• _TASK PROMPT_:
Extract from the entries below, exactly as given, only the lines from the line containing "This shorthand is" to the line containing "Also note that", both lines included.

------------------------------------------------------------------------

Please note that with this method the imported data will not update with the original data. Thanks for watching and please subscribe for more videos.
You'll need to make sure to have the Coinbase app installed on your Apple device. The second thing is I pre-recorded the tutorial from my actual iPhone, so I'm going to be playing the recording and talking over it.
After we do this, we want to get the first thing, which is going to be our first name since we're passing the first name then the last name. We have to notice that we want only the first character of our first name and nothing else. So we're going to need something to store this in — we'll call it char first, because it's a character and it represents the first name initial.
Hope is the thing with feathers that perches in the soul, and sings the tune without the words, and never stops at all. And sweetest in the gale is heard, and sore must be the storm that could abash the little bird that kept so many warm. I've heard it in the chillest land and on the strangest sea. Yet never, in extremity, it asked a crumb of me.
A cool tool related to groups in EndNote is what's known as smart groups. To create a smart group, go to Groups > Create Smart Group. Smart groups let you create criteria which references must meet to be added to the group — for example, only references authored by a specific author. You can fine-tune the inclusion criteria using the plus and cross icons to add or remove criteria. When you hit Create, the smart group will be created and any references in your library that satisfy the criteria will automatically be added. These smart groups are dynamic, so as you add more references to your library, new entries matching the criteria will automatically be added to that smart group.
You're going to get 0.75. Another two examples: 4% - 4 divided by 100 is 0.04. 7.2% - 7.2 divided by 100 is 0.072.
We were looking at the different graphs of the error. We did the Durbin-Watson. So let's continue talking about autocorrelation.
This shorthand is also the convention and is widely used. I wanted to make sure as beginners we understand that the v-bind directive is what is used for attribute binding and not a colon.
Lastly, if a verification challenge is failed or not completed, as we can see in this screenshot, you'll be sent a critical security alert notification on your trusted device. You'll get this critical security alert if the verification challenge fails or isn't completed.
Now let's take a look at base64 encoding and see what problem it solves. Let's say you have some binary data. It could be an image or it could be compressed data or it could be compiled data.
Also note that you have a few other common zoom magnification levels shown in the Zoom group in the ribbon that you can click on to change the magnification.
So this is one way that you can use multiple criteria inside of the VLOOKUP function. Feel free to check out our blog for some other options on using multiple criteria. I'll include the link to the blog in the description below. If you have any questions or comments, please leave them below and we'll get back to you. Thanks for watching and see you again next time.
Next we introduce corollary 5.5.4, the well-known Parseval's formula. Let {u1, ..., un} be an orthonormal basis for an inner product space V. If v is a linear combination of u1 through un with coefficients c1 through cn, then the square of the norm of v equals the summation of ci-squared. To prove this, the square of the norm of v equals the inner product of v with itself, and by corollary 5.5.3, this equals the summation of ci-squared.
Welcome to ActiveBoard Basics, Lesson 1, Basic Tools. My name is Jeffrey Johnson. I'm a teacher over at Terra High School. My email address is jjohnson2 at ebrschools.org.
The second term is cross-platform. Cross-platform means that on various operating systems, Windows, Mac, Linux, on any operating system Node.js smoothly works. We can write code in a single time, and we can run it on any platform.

------------------------------------------------------------------------

• _TASK ANSWER_:
This shorthand is also the convention and is widely used. I wanted to make sure as beginners we understand that the v-bind directive is what is used for attribute binding and not a colon.
Lastly, if a verification challenge is failed or not completed, as we can see in this screenshot, you'll be sent a critical security alert notification on your trusted device. You'll get this critical security alert if the verification challenge fails or isn't completed.
Now let's take a look at base64 encoding and see what problem it solves. Let's say you have some binary data. It could be an image or it could be compressed data or it could be compiled data.
Also note that you have a few other common zoom magnification levels shown in the Zoom group in the ribbon that you can click on to change the magnification.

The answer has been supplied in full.